For the first time, researchers describe a pathway by which cells repair damaged lysosomes, structures that contribute to longevity by recycling cellular trash. The discovery is an important step toward understanding and treating age-related diseases driven by leaky lysosomes. The study, by scientists from the University of Pittsburgh, will be published today (September 7, 2022) in the journal Nature.
“I believe these findings are going to have many implications for normal aging and for age-related diseases.” — Toren Finkel, M.D., Ph.D.
“Lysosome damage is a hallmark of aging and many diseases, particularly neurodegenerative disorders such as Alzheimer’s,” said lead author Jay Xiaojun Tan, Ph.D. He is an assistant professor of cell biology at Pitt’s School of Medicine and member of the Aging Institute, a partnership between Pitt and the University of Pittsburgh Medical Center (UPMC). “Our study identifies a series of steps that we believe is a universal mechanism for lysosomal repair, which we named the PITT pathway as a nod to the University of Pittsburgh.”
As the cell’s recycling system, lysosomes contain powerful digestive enzymes that degrade molecular waste. These contents are walled off from damaging other parts of the cell with a membrane that acts like a chain link fence surrounding a hazardous waste facility. Even though breaks can occur in this fence, a healthy cell quickly repairs the damage. To learn more about this repair process, Tan teamed up with senior author Toren Finkel, M.D., Ph.D. He is director of the Aging Institute and distinguished professor of medicine at Pitt’s School of Medicine.
First, Tan experimentally damaged lysosomes in lab-grown cells and measured the proteins that arrived on the scene. He discovered that an enzyme called PI4K2A accumulated on damaged lysosomes within minutes and generated high levels of a signaling molecule called PtdIns4P.
“PtdIns4P is like a red flag. It tells the cell, ‘Hey, we have a problem here,’” said Tan. “This alert system then recruits another group of proteins called ORPs.”
ORP proteins function like tethers, Tan explained. One end of the protein binds to the PtdIns4P red flag on the lysosome, and the other end binds to the endoplasmic reticulum, which is the cellular structure involved in synthesis of proteins and lipids.
“The endoplasmic reticulum wraps around the lysosome like a blanket,” added Finkel. “Normally, the endoplasmic reticulum and lysosomes barely touch each other, but once the lysosome was damaged, we found that they were embracing.”
Through this embrace, cholesterol and a lipid called phosphatidylserine are shuttled to the lysosome, where they help patch up holes in the membrane fence.
Phosphatidylserine also activates a protein called ATG2. It acts like a bridge to transfer other lipids to the lysosome, the final membrane repair step in the newly described PITT — or phosphoinositide-initiated membrane tethering and lipid transport — pathway.
“What’s beautiful about this system is that all of the components of the PITT pathway were known to exist, but they weren’t known to interact in this sequence or for the function of lysosome repair,” said Finkel. “I believe these findings are going to have many implications for normal aging and for age-related diseases.”
The scientists suspect that in healthy people, small breaks in the lysosome membrane are quickly repaired through the PITT pathway. However, if the damage is too extensive or the repair pathway is compromised — due to age or disease — leaky lysosomes accumulate. In Alzheimer’s, leakage of tau fibrils from damaged lysosomes is a key step in the progression of the disease.

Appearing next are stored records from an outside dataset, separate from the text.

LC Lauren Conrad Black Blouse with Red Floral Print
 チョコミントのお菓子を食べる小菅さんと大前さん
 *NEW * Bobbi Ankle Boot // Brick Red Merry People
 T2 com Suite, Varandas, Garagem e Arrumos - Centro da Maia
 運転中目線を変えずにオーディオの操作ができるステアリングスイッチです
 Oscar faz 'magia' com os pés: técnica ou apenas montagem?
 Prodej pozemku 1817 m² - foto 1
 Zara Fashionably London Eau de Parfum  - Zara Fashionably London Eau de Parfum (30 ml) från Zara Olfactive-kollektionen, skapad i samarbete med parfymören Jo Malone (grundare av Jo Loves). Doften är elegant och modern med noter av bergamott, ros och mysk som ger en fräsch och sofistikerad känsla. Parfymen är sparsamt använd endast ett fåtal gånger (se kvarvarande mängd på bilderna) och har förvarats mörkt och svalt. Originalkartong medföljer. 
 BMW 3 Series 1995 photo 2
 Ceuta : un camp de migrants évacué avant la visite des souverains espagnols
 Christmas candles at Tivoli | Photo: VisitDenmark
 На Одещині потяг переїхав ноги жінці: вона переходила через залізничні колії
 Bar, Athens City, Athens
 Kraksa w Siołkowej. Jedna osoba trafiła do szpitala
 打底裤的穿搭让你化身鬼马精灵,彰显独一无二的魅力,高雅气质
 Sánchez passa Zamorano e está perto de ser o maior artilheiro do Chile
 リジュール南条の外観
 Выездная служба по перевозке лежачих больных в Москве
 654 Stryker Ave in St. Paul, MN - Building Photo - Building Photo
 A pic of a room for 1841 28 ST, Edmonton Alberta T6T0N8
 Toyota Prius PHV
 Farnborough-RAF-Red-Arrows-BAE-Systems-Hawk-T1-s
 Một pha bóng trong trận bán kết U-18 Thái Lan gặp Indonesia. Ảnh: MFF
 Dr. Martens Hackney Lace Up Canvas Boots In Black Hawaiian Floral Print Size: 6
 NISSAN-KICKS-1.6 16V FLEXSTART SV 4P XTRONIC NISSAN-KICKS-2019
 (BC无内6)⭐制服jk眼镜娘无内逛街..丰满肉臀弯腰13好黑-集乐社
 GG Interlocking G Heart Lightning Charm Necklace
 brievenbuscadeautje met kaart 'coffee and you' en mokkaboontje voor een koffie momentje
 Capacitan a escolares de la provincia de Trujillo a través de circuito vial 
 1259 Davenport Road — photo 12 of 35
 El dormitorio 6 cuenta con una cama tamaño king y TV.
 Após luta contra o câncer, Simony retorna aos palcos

When Tan deleted the gene encoding of the first enzyme in the pathway, PI4K2A, he discovered that tau fibril spreading increased dramatically. This suggests that defects in the PITT pathway could contribute to Alzheimer’s disease progression. In future work, the scientists plan to develop mouse models to understand whether the PITT pathway can protect mice from developing Alzheimer’s disease.
Reference: “A phosphoinositide signaling pathway mediates rapid lysosomal repair” by Jay Xiaojun Tan and Toren Finkel, 7 September 2022, Nature.
This research was supported by the National Institutes of Health (P30AG024827, R01HL142663, R01HL142589, U54AG075931 and K01AG075142) and the UPMC Competitive Medical Research Fund.